Short text fragments from websites
┌──
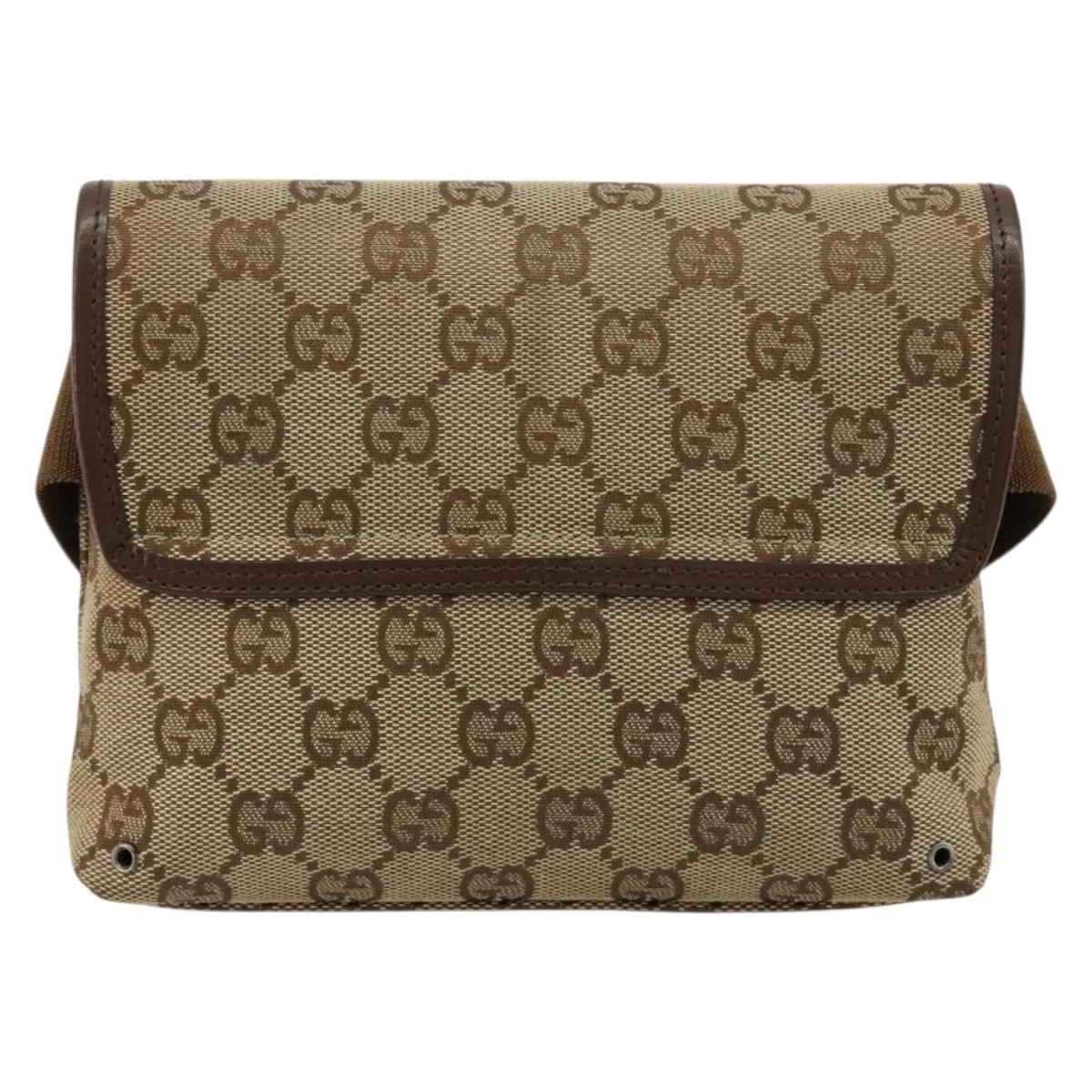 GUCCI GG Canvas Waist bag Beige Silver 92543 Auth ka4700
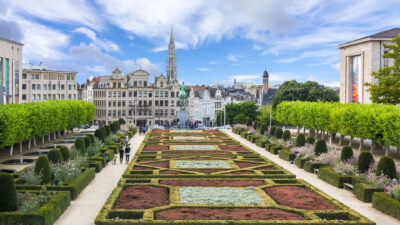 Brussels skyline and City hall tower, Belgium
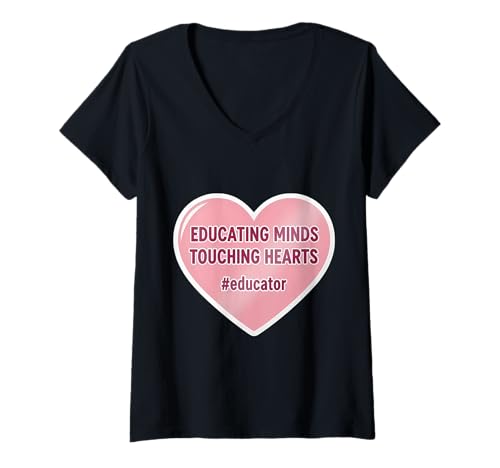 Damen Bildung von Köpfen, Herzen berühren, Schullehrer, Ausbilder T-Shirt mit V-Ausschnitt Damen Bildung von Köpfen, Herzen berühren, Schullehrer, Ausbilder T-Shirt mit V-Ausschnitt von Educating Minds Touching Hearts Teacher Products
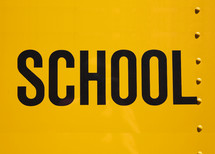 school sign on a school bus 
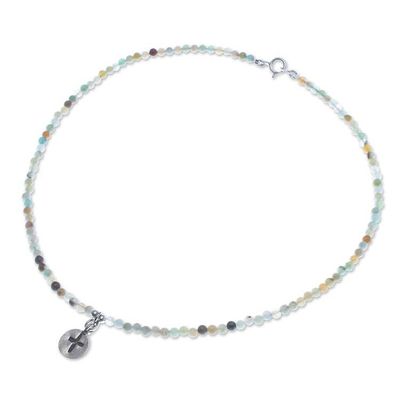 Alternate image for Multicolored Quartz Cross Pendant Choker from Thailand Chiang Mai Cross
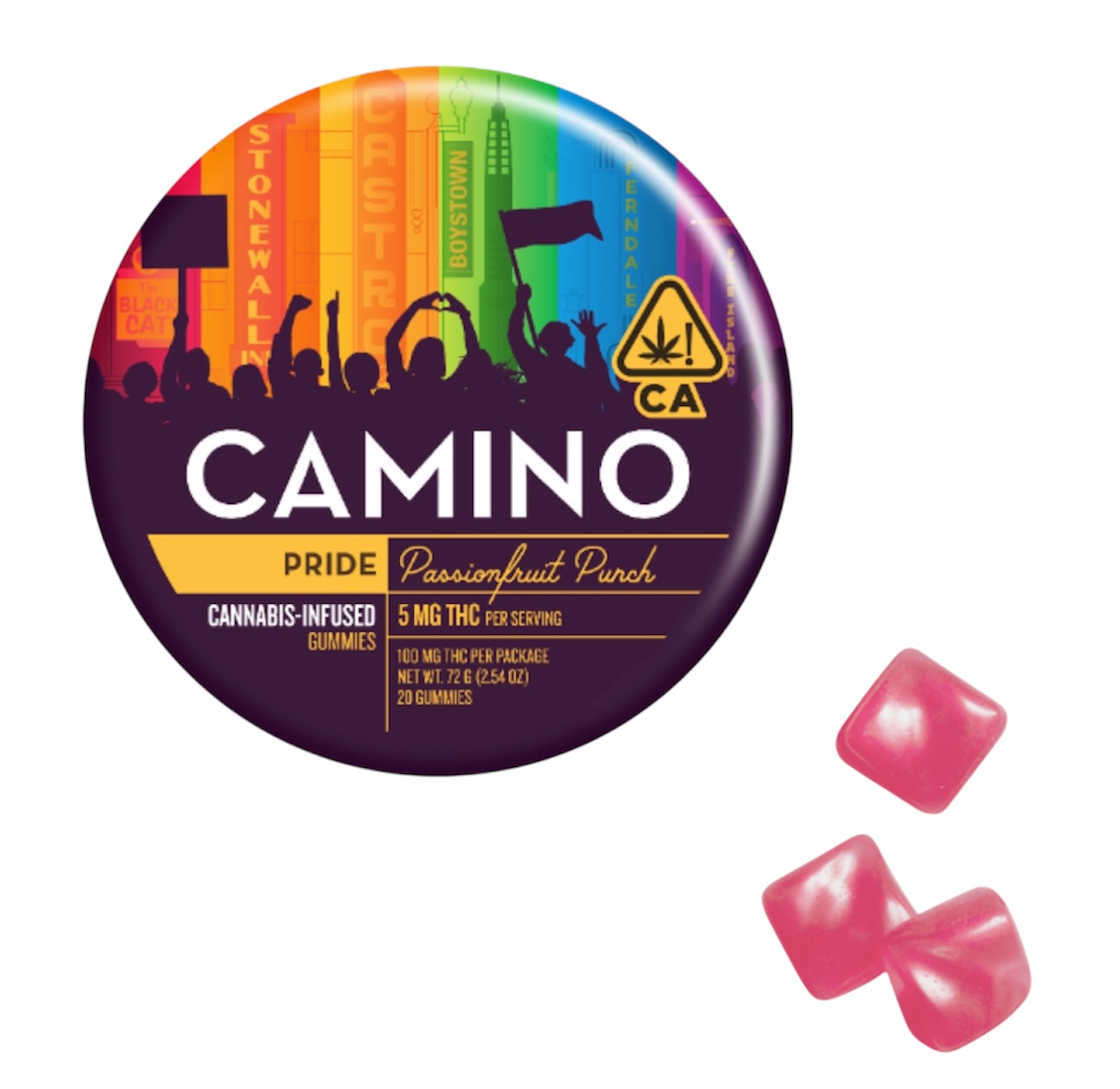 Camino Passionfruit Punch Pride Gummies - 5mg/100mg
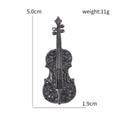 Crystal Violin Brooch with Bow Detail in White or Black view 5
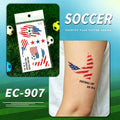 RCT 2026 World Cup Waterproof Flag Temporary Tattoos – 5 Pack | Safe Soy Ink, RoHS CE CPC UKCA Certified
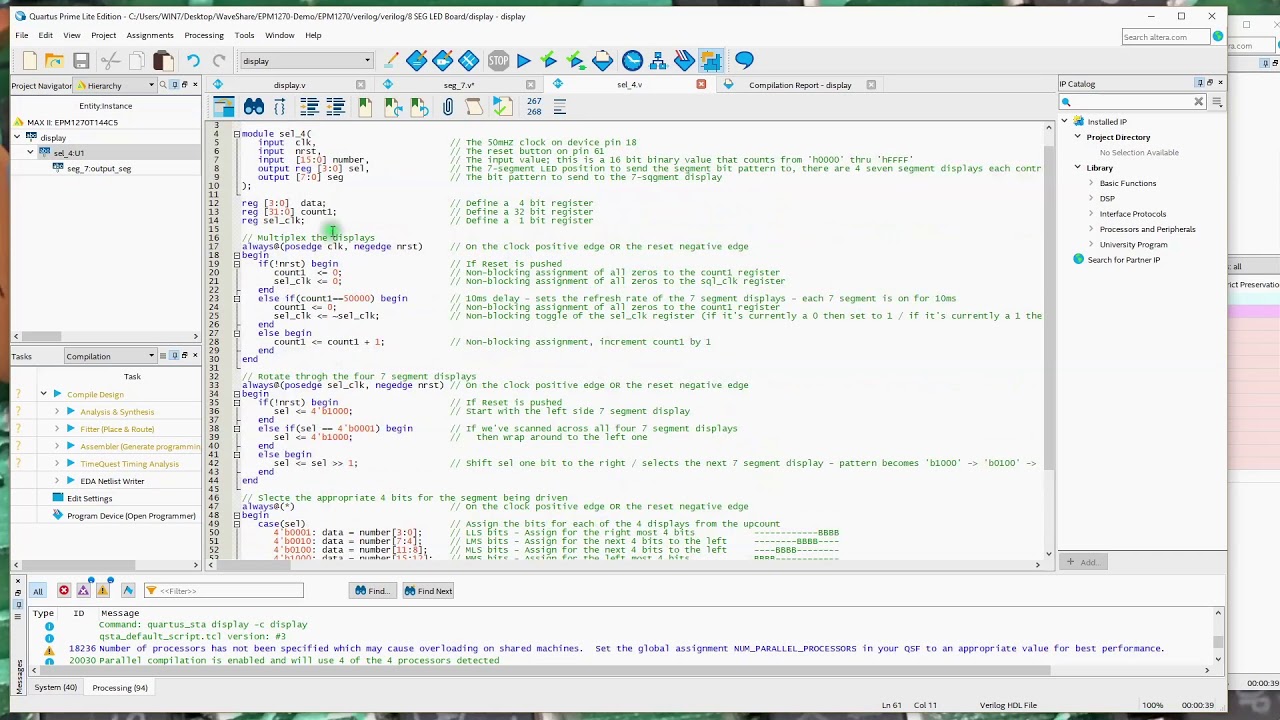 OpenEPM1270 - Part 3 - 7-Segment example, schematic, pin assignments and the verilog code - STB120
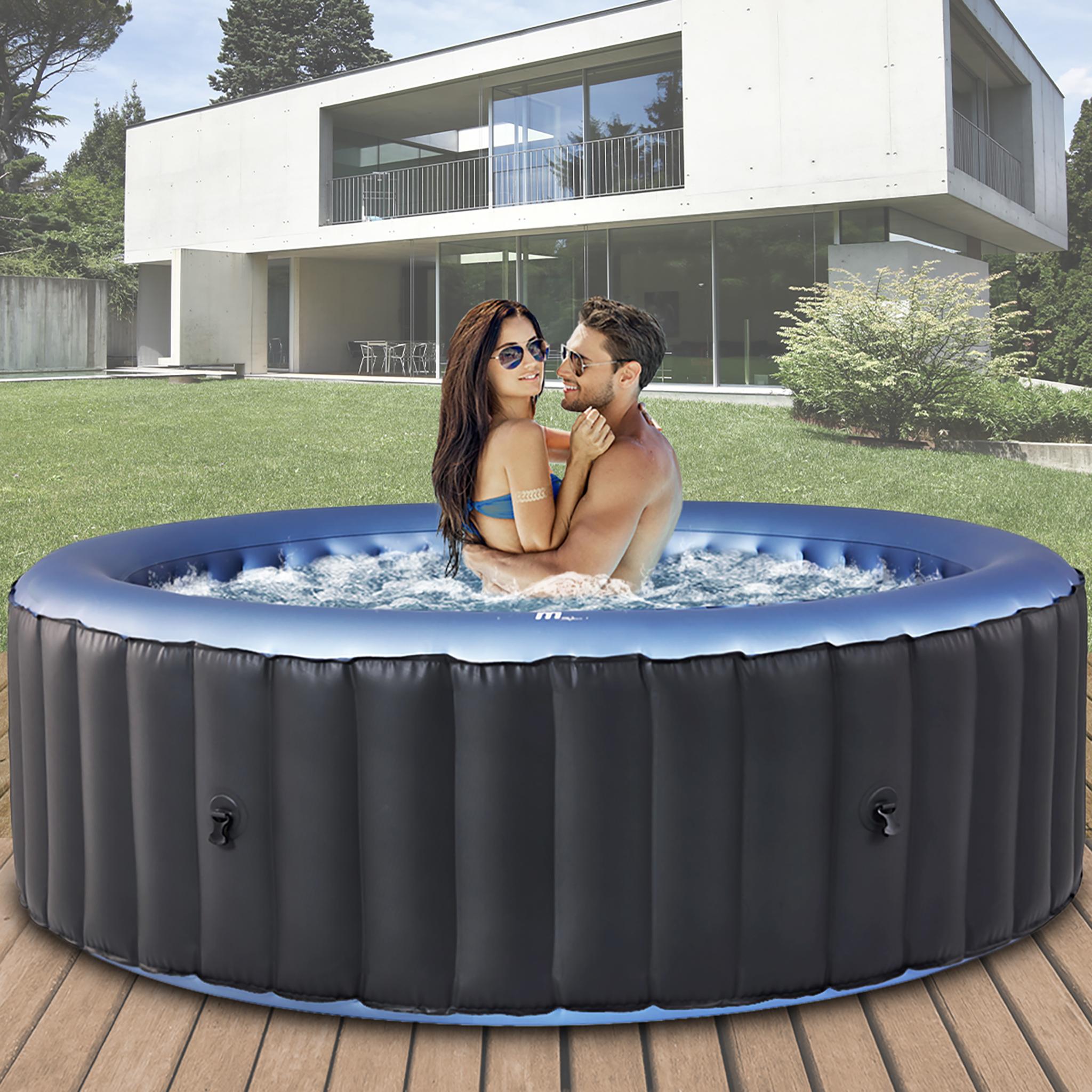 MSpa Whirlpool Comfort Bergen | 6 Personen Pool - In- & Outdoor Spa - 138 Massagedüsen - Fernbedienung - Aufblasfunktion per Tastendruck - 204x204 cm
└──
Work order
Where a picture appears in the records above, omit it, and transcribe exactly the stretch of lines from the one with "Hearts Teacher Products" through the one with "OpenEPM1270 - Part".

Answer for the task
 Damen Bildung von Köpfen, Herzen berühren, Schullehrer, Ausbilder T-Shirt mit V-Ausschnitt Damen Bildung von Köpfen, Herzen berühren, Schullehrer, Ausbilder T-Shirt mit V-Ausschnitt von Educating Minds Touching Hearts Teacher Products
 school sign on a school bus 
 Alternate image for Multicolored Quartz Cross Pendant Choker from Thailand Chiang Mai Cross
 Camino Passionfruit Punch Pride Gummies - 5mg/100mg
 Crystal Violin Brooch with Bow Detail in White or Black view 5
 RCT 2026 World Cup Waterproof Flag Temporary Tattoos – 5 Pack | Safe Soy Ink, RoHS CE CPC UKCA Certified
 OpenEPM1270 - Part 3 - 7-Segment example, schematic, pin assignments and the verilog code - STB120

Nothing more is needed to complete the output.